The 61st Edition
“We suffer more in imagination than in reality” – Seneca
Not everything is supposed to go your way, but how you talk to yourself when it doesn’t? That’s everything.
Something to Think About
The voice in your head isn’t always telling the truth, it’s just telling a version of the story that’s begging to be edited.
Something to Ask Yourself
When things get tough in training or racing, what’s the story you tell yourself, and is it helping you?
Article of the Week
Ryan Holiday will rethink how much of your stress is self-inflicted. He explores the Stoic idea that most of our suffering comes from anticipating pain rather than experiencing it.
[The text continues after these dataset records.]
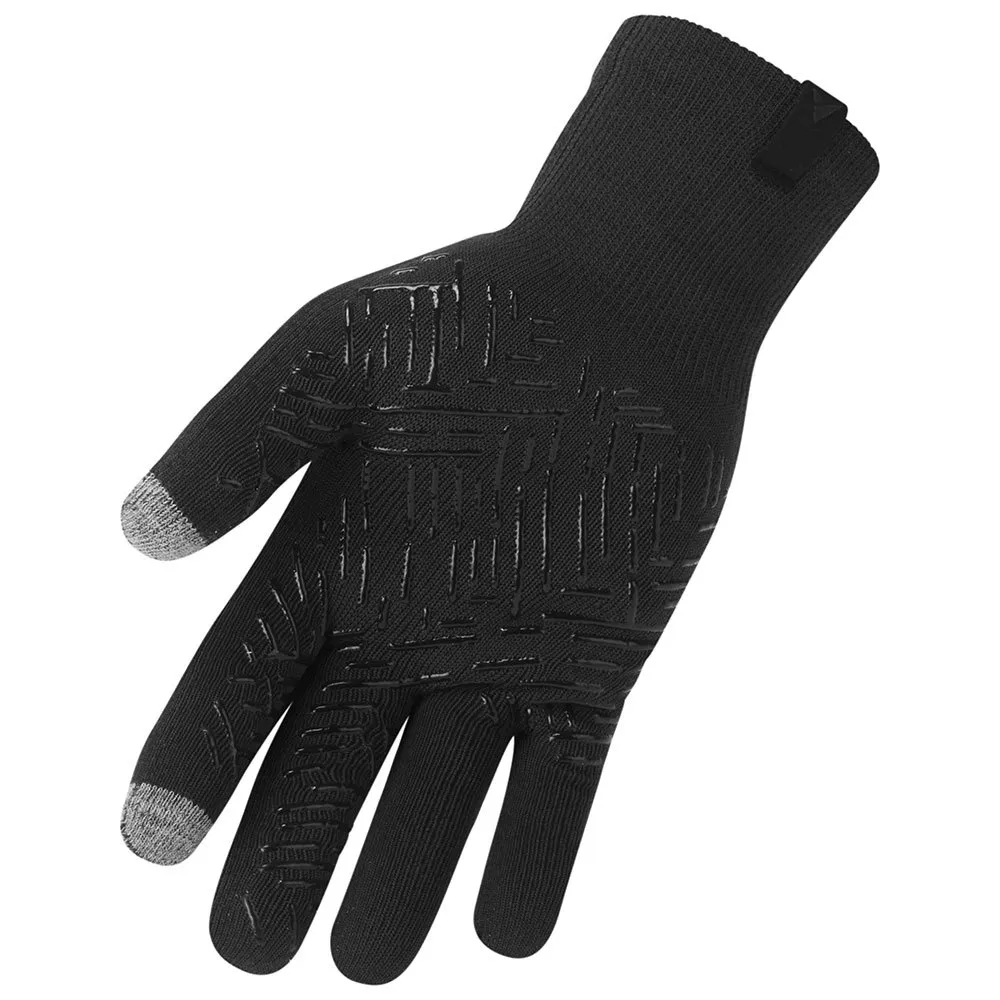 ALTURA All Wp K144 Hansker, Carbon black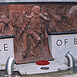Battle Of Britain Memorial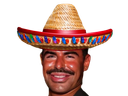 :Zac_efron_mexicain_: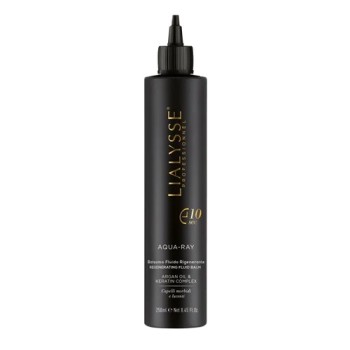 Lialysse Aqua ray Balm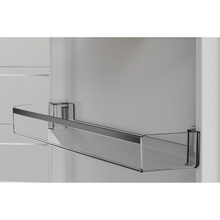 Холодильник WHIRLPOOL WHK 25404 XP5E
Expect a powerful reminder to focus on the present and stop living in imagined worst-case scenarios.
Track of the Week
I used to listen to so much Biffy Clyro! They have a new track out. But I wanna throw us back to 2009.
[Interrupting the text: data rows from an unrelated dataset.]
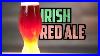 Irish Red Ale Nukatap Beer Taps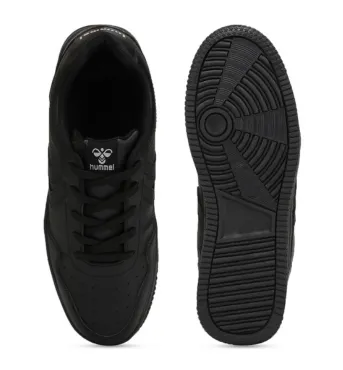 Sure! Here’s an optimized product title for the Firefly Casual Men’s Black Sneaker:

Stylish Firefly Mens Black Casual Sneakers - Comfortable & Versatile Footwear for Everyday Wear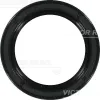Wellendichtring, Nockenwelle stirnseitig VICTOR REINZ 81-36971-00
This week’s track of the week is…
By the way, if you didn’t know, I put all these tracks in a Spotify playlist…
Personal Lesson
At Devil’s Gulch, a 100-mile ultra I ran in July, the external conditions were wild: the heat, the elevation, the nightfall hallucinations. But none of that was the hardest part. The hardest part was what was happening inside my own head.
There were several moments where my mind started to spiral. “You’re behind pace.” “You’re not built for this.” “You didn’t train properly.” All of it felt so real. I wasn’t just fighting the terrain, I was fighting the story. And that’s where I’m most proud of myself.
Instead of feeding that voice, I responded. I didn’t try to silence it, but I learned to speak over it. I started telling a different story: “This is what you came for.” “This is where you learn about yoursefl.” “You’re still moving, and that’s enough.” That shift didn’t make the race easier, but it made me stronger. I felt like I had some control over the inner dialogue. And that was the real win.
Running – Life’s Metaphor
In running, you’re often at the mercy of weather, terrain, niggles, and fatigue. But how you frame those things, that’s what defines your experience. Life’s the same. Conditions are rarely ideal. But your interpretation? That’s your power.
Final Thoughts
Running teaches us that discomfort is not the enemy – resistance to discomfort is. When things start to unravel, we get to choose how we respond. That might sound simple, but it’s a skill. It takes practice. It takes presence. And it often takes falling apart a few times before you realise your own voice can put you back together.
Controlling the narrative doesn’t mean pretending everything’s fine. It means having the courage to reframe things when they’re not. To remind yourself of the bigger picture. To decide that the hard bit is not a failure – it’s the whole point.
If you’ve ever talked yourself out of something before it even started, you’re not alone. But the next time your internal voice kicks off, pause and ask: what else could be true here? Because that question might just carry you to the finish line.
And remember: you don’t have to silence the doubt completely. You just have to be louder than it.
Thanks again for reading and subscribing.
Run the runnable, and keep showing up for yourself!